===== Recorded data
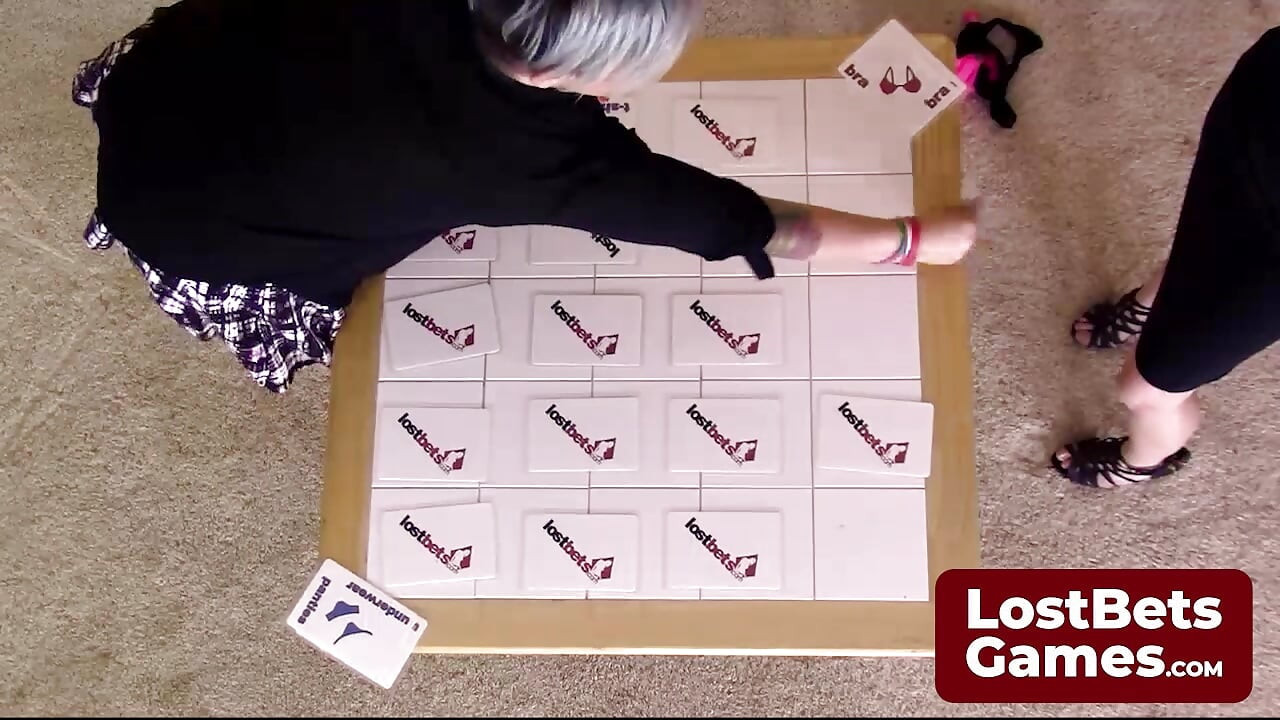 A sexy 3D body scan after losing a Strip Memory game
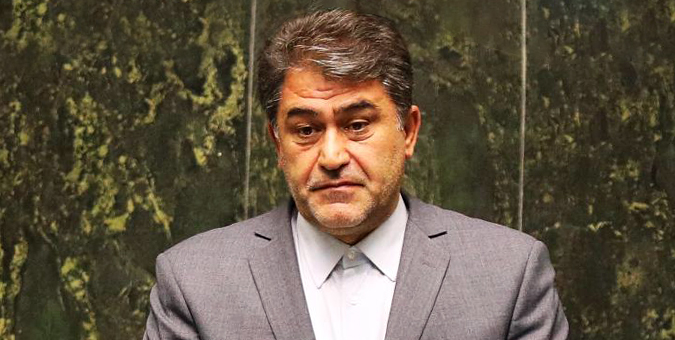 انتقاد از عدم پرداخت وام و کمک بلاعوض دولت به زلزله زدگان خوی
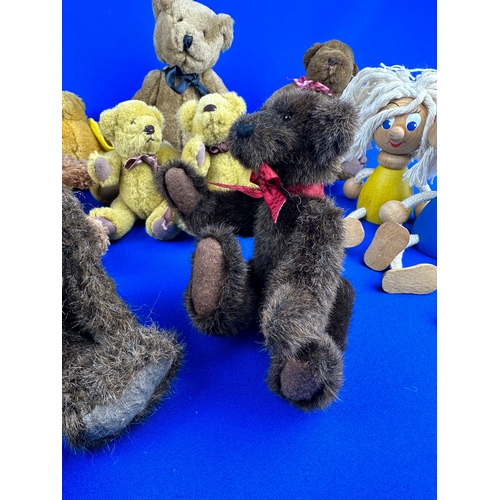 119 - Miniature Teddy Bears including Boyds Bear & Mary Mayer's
==========
- Work to complete: Each line of the listing must be restated word for word, and the pictures left out.

- Written response:
 A sexy 3D body scan after losing a Strip Memory game
 انتقاد از عدم پرداخت وام و کمک بلاعوض دولت به زلزله زدگان خوی
 119 - Miniature Teddy Bears including Boyds Bear & Mary Mayer's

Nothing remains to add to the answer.